Encouraged by her father, who got her a pair of football boots when she was just five, Whalley made her debut for Dick, Kerr (also known as Preston Ladies) in May 1937 at the age of 15. Playing its matches at rugby grounds and other venues, the team was by then nearly two decades old and Whalley had dreamed of playing for them.

Her first full season was a triumph. The team went unbeaten in 27 matches, including a 5-1 win over Edinburgh Ladies for the ‘Championship of Great Britain and the World’, a match Whalley could only play in by taking the day off school.   

A skilful player and a determined personality, Whalley was a pivotal part of the Dick, Kerr team for nearly 20 years. She had gone to the same school as Tom Finney and they became good friends.
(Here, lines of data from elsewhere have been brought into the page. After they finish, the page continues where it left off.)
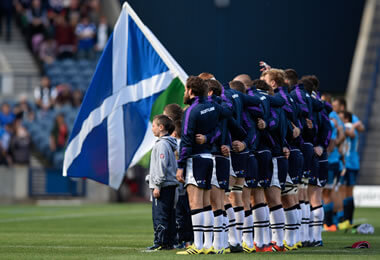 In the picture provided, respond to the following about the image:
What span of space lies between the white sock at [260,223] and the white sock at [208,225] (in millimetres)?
939

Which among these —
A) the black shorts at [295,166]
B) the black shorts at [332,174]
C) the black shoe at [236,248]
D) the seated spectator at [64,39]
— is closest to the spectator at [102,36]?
the seated spectator at [64,39]

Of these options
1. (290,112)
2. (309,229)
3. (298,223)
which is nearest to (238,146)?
(290,112)

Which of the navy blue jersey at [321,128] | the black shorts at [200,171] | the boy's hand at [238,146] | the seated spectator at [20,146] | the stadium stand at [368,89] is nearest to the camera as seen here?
the black shorts at [200,171]

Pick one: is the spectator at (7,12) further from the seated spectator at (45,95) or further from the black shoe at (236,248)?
the black shoe at (236,248)

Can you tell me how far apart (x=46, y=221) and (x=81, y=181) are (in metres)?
9.54

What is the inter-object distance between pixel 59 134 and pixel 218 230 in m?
19.0

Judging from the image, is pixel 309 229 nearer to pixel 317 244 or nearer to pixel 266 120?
pixel 317 244

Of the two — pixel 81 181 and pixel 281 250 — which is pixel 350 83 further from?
pixel 281 250

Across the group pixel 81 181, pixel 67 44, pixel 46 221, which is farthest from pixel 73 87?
pixel 46 221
Like him, she was a right-winger, leading the national press to claim at one point that Preston had ‘the two greatest right wingers in the world’.

Women’s international fixtures were rare but Whalley was picked for an England XI match against Scotland in 1946. She also guested once for Wales against France. She scored a hat-trick but did not speak a word through the whole match in case her Lancashire accent gave her away.
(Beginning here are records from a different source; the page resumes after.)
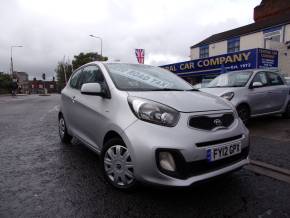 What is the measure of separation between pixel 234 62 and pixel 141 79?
511 inches

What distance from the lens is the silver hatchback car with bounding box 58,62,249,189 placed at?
236 cm

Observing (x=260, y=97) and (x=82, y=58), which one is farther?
(x=82, y=58)

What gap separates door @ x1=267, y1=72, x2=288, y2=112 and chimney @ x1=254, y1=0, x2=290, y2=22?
25.7 m

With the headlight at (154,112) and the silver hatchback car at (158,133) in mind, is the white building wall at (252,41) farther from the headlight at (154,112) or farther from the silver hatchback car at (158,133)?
the headlight at (154,112)

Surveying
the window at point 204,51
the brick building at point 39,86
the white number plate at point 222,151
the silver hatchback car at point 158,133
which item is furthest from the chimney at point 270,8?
the brick building at point 39,86

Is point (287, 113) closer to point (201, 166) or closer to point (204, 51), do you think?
point (201, 166)

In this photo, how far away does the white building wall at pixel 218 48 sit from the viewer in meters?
26.0

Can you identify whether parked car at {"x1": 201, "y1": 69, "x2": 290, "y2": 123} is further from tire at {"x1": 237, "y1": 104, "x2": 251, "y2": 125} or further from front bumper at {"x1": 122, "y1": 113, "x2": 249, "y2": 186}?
front bumper at {"x1": 122, "y1": 113, "x2": 249, "y2": 186}

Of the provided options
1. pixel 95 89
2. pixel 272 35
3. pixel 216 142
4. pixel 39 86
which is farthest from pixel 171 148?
pixel 39 86

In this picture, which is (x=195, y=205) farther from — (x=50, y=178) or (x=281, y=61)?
(x=281, y=61)

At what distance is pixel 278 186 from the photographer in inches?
113

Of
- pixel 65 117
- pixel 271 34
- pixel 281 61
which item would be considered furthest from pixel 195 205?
pixel 271 34

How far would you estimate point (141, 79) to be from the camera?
11.3ft

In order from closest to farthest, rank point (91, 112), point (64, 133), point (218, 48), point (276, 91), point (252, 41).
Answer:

Whalley lived for football. She played an average of 42 matches a year in her time with Dick, Kerr Ladies. This was as well as working full time, initially as a nurse at Whittingham Hospital alongside a number of her teammates and then as a bus conductor after the Second World War.

It was the demands of the latter post that led to her transfer from Dick, Kerr to Manchester Ladies in 1953. Working late shifts, Whalley overslept and was 20 minutes late for a bus to take Dick, Kerr on a two-week tour with a French team. Despite her team-mates’ protests, manager Alfred Frankland refused to wait and the bus left without her. Whalley was too upset to try to catch the team on route.

Instead, she cancelled her planned leave and returned to work. Frankland never gave Whalley the apology she felt was deserved and she left the Preston club, only returning in 1958 after the manager had died.  

Whalley retired a few years later. But she was reunited with her former team-mates as part of an international women’s tournament in 1992, to celebrate the 75th anniversary of the foundation of Dick, Kerr Ladies.

Four years later she became the first female footballer to be featured by Nike in a national advertising campaign. She will be remembered as one of the pioneers of women’s football and one of its greatest ever players.